PROBLEM:
In the listing below, start your output at the line with "Защита переднего бампера" and end it after the line with "Sauna/ing Sauna Beauty Ritual Lahjasetti", copying every line exactly.

DATA:
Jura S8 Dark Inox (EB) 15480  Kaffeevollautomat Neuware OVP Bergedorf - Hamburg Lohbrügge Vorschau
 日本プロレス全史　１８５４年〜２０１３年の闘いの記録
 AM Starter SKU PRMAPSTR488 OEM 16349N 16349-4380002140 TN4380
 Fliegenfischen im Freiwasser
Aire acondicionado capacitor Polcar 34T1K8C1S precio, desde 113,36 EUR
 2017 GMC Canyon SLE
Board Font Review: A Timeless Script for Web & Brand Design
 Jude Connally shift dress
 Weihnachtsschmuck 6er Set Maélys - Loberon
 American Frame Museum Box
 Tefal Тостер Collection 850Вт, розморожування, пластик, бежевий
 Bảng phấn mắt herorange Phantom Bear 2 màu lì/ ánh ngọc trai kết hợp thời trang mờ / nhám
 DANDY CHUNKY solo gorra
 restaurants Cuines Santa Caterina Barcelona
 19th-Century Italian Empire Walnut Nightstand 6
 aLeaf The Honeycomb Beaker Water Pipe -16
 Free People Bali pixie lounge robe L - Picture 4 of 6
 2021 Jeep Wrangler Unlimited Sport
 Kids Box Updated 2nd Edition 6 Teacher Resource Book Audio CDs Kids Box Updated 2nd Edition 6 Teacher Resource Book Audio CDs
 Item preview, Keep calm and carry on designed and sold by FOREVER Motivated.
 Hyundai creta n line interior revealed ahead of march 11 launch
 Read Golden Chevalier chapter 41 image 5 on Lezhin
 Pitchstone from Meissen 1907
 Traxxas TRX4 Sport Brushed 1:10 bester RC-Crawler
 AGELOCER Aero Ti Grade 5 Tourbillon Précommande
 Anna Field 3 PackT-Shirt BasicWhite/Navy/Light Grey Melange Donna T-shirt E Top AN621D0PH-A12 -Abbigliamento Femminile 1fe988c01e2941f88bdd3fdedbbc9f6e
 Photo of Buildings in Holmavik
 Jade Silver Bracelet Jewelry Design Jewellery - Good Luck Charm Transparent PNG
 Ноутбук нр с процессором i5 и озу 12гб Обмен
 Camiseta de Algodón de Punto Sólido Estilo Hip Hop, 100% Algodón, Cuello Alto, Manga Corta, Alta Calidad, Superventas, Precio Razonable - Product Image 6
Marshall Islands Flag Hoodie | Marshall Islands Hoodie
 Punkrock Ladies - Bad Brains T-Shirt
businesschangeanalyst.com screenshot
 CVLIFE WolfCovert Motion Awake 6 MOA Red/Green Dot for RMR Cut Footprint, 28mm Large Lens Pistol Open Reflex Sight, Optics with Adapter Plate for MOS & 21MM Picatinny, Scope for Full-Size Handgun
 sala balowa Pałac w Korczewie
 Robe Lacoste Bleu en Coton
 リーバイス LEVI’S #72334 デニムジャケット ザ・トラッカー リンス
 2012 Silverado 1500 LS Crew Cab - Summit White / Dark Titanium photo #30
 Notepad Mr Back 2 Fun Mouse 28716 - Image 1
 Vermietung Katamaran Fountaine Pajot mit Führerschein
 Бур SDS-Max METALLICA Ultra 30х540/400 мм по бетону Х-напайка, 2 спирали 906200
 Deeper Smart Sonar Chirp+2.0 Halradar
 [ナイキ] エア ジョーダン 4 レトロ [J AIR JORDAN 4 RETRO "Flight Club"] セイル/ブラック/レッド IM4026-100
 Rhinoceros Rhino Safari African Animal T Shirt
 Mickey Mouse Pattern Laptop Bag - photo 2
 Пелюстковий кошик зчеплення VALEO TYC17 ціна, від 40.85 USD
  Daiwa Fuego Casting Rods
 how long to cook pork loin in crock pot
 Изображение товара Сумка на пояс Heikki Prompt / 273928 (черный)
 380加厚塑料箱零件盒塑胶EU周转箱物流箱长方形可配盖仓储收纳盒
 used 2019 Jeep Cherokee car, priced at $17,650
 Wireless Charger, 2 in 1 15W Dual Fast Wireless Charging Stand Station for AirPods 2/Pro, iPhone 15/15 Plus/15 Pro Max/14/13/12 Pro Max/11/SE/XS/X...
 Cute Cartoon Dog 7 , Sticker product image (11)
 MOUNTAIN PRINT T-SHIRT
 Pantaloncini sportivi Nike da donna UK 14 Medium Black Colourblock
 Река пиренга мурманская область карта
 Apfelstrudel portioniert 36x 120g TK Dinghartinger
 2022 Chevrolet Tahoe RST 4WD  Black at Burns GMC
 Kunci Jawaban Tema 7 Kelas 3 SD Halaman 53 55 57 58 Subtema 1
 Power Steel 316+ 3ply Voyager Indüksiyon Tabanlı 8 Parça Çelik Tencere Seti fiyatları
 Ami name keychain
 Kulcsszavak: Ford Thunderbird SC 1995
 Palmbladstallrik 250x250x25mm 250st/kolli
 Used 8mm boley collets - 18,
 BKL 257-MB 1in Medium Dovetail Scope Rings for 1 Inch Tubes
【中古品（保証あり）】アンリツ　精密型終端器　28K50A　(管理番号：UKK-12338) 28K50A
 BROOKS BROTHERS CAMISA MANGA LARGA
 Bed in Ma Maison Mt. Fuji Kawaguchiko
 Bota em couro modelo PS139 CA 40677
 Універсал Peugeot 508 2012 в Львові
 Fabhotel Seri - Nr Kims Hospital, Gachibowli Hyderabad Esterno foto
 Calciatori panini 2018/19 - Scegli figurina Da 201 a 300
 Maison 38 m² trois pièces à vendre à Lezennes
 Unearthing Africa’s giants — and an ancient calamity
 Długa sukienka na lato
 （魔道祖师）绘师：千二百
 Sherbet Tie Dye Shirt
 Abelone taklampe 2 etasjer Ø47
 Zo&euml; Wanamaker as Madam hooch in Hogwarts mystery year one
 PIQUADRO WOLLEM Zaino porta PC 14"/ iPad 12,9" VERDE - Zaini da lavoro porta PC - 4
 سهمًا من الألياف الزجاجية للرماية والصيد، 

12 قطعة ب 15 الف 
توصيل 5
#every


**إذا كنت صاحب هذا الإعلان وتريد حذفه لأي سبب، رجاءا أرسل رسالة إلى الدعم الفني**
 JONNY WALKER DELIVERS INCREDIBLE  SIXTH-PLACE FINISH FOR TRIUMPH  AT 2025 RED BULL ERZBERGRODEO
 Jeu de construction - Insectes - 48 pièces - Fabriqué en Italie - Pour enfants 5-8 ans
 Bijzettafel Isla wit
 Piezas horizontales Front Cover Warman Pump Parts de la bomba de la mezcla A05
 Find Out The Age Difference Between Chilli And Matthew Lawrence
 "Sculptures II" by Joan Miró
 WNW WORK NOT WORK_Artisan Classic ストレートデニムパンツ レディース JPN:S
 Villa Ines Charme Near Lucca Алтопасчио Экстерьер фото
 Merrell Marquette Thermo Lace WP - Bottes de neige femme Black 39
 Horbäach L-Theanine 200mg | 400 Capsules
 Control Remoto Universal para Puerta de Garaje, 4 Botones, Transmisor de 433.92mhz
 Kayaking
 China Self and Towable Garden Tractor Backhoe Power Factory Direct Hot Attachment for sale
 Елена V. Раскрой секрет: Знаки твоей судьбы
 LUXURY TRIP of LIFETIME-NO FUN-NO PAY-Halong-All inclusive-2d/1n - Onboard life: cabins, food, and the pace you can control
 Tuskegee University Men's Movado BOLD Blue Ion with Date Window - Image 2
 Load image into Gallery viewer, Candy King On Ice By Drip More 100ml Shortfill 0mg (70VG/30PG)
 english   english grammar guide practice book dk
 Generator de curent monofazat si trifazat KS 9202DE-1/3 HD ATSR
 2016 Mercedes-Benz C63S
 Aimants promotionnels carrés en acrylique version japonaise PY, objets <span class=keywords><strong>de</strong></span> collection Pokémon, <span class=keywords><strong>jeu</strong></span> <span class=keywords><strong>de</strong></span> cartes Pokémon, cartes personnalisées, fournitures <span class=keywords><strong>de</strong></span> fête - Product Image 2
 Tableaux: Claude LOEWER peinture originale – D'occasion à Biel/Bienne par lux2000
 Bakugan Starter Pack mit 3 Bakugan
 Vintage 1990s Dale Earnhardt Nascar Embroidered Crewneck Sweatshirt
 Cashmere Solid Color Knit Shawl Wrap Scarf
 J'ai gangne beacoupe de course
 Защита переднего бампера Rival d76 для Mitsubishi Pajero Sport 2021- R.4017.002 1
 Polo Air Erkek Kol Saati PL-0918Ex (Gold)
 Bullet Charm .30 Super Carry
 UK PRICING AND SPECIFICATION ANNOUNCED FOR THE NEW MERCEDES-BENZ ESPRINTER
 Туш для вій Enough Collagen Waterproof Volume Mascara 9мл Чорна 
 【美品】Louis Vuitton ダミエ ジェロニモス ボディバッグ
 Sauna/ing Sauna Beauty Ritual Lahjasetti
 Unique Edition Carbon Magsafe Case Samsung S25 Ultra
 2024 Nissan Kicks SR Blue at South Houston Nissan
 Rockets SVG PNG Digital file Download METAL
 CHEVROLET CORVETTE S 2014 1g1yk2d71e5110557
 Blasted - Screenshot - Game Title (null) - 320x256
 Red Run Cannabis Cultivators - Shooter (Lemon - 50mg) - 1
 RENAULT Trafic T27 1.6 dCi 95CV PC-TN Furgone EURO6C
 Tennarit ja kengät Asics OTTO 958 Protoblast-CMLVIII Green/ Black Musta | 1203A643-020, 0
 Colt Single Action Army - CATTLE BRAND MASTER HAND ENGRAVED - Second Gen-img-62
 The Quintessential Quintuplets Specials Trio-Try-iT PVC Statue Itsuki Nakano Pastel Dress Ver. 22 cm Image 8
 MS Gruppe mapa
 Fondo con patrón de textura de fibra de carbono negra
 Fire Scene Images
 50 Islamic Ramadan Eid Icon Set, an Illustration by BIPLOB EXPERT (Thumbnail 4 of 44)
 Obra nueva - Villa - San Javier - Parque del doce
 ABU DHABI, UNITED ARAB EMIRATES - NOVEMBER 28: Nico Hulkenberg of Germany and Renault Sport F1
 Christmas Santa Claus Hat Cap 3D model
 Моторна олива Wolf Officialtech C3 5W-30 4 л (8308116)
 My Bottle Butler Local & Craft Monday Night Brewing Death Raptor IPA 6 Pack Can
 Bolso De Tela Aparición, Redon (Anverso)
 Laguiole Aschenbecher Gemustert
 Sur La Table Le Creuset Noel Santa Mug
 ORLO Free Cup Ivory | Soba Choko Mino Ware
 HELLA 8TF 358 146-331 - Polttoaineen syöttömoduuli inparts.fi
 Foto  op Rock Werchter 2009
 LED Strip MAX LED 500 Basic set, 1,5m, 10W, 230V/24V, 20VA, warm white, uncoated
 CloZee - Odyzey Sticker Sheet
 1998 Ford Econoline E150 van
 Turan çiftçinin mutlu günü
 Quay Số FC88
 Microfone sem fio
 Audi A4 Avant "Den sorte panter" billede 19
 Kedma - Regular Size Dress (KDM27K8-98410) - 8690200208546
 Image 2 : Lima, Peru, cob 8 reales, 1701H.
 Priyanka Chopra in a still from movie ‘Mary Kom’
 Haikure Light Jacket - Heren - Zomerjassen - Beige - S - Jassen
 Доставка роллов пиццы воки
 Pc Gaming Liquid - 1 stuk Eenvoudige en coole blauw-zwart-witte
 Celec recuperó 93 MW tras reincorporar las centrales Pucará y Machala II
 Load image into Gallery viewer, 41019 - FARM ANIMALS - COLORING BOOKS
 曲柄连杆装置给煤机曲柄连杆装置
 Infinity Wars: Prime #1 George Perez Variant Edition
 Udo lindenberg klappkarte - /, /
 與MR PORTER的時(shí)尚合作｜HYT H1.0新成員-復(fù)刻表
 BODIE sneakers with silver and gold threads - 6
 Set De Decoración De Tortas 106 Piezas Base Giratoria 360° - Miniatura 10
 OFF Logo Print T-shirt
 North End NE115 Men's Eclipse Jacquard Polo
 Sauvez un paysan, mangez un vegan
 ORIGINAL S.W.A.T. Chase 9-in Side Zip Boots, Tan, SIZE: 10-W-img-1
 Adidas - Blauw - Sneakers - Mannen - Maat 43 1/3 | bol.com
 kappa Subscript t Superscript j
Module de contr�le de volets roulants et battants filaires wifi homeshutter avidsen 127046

OUTPUT OF THE TASK:
 Защита переднего бампера Rival d76 для Mitsubishi Pajero Sport 2021- R.4017.002 1
 Polo Air Erkek Kol Saati PL-0918Ex (Gold)
 Bullet Charm .30 Super Carry
 UK PRICING AND SPECIFICATION ANNOUNCED FOR THE NEW MERCEDES-BENZ ESPRINTER
 Туш для вій Enough Collagen Waterproof Volume Mascara 9мл Чорна 
 【美品】Louis Vuitton ダミエ ジェロニモス ボディバッグ
 Sauna/ing Sauna Beauty Ritual Lahjasetti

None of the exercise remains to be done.